About 44 million consumers now owe money on student loans, and one out of four student loan borrowers are past due or in default. When this happens to a young person, the damage that is done to their credit can disrupt their lives in unexpected and troubling ways. It can make it hard even to pass an employment background check, much less buy a home or a car.

This should not be the case. If you take out a federal student loan to pay for college and later have trouble paying it back, you have a right under the law to arrange a payment based on your income. Cash-strapped borrowers should not be driven to default on a federal student loan. But we continue to see a vast disconnect between the experience of many borrowers and the protections created by the law, which include the right to pay nothing at all if you are out of work or your wages are low.

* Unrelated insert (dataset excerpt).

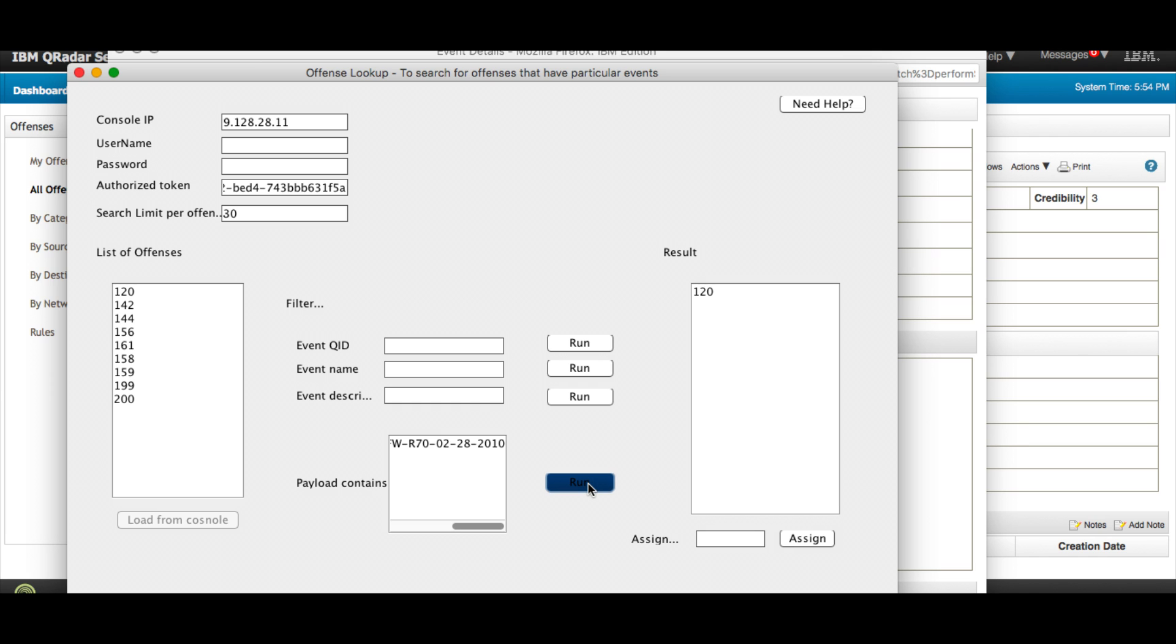It will take anybody a good deal of time to try to find this manually, so these are the kind of things that you can do for your operations. And here you are - I mean, actually I didn't know that offense 200 has one event that has that content. Pretty interesting way of really enhancing and making the look and feel of QRadar the way that really fits your operators the best.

Student loan servicers are paid to manage student loan accounts and inform borrowers – especially troubled borrowers – about their options for affordable monthly payments and to help them get on track. But a recent government report found that 70 percent of borrowers in default on a federal student loan actually had an income that could qualify them for a lower monthly payment. This raises serious questions about how servicers are discharging their responsibilities and whether they may be harming the most economically vulnerable borrowers in the process.

Last week, the Student Loan Ombudsman issued the latest annual report in this area. It discusses the plight of borrowers who had reached the point of defaulting on their student loans, which should be generally avoidable in light of the available options to help them cope with their debts. Among the findings in the report is that the programs designed to give a fresh start to borrowers in default are failing to fulfill their purpose and may be contributing to re-defaults by hundreds of thousands of borrowers.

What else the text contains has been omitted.